G8 Off Track On Aid Commitments To Africa; France, Italy Responsible For 80% Of Shortfall, Report Says

The Group of Eight (G8) industrial nations are “collectively off course in delivering on a 2005 pact to more than double aid to Africa through 2010,” according to an annual report released Thursday by the One Campaign, Reuters/Washington Post reports (Wroughton, Reuters/Washington Post, 6/11).

“One said the world’s richest countries had delivered only a third of the extra aid they promised by 2010, despite being two-thirds of the way to their deadline,” according to AFP/Google.com. Italy and France are responsible for 80 percent of the shortfall, according to the report. On the other hand, Canada, Japan and the U.S. were meeting their aid commitments, while Britain and Germany were pushing hard to meet more ambitious targets, the report found.

One’s 2009 DATA report was released just a day before G8 finance ministers are scheduled for a two-day meeting in Italy, AFP/Google.com reports (AFP/Google.com, 6/11). The report tracks the progress of the G8’s 2005 promises made during a meeting at Gleneagles, Scotland, the Mail & Guardian reports (Mail & Guardian, 6/11).

According to the report, it will be “challenging” for G8 nations to “get back on track to keep their commitments” because of how “far some G8 countries have drifted from their promises” (Reuters/Washington Post, 6/11).

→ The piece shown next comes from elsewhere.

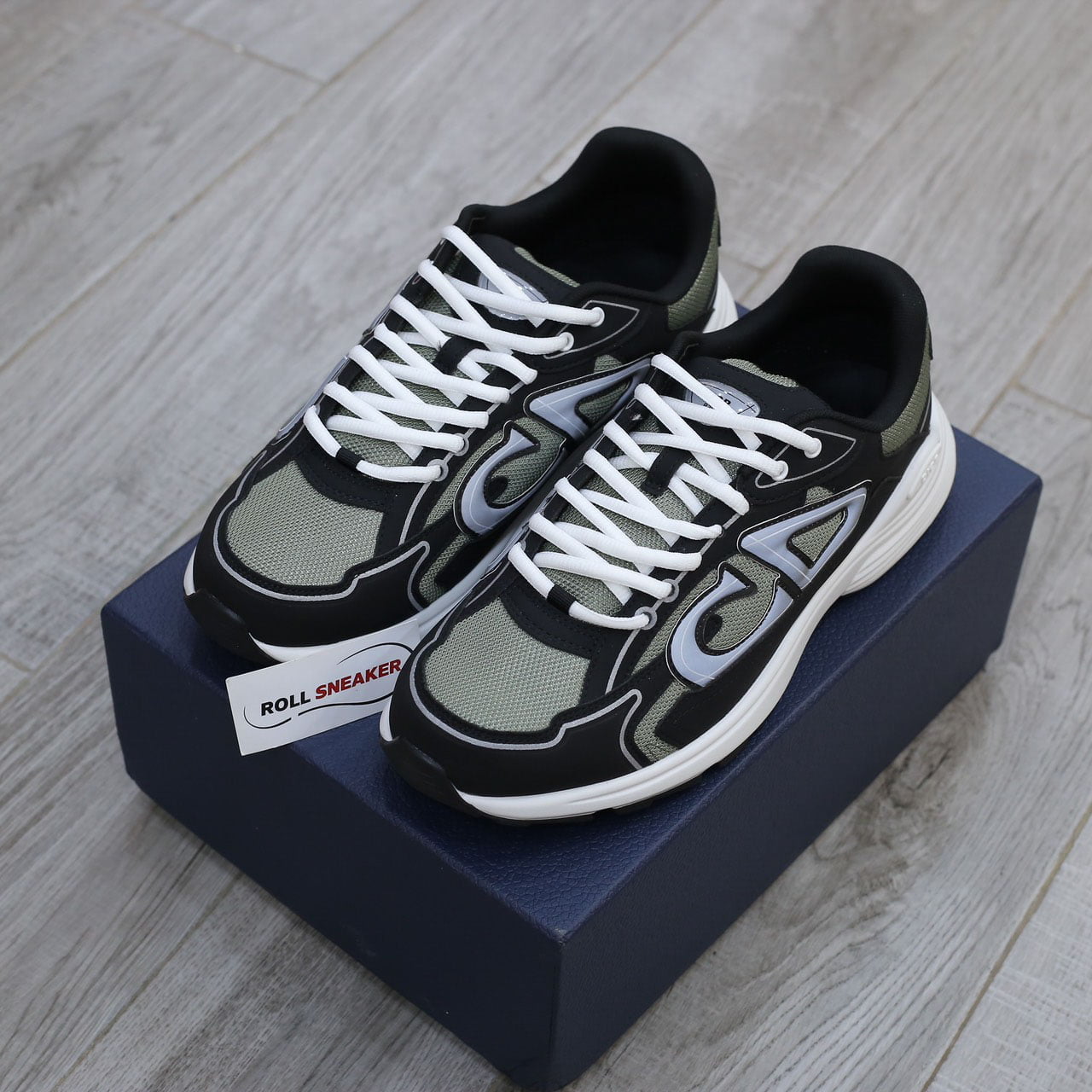 Giày Dior B30 Sneaker Deep Green Mesh and Black Technical Fabric Like Auth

Al Jazeera reports that France’s development assistance to Africa “took a dive” between 2007 and 2008, and the country has “delivered only seven percent of what it promised at Gleneagles.” Italy has so far delivered “only three percent of what it promised and has cut aid to Africa since the 2005 summit.” To meet their commitments, G8 countries must deliver on average an additional $7.2 billion in both 2009 and 2010 (Al Jazeera, 6/11).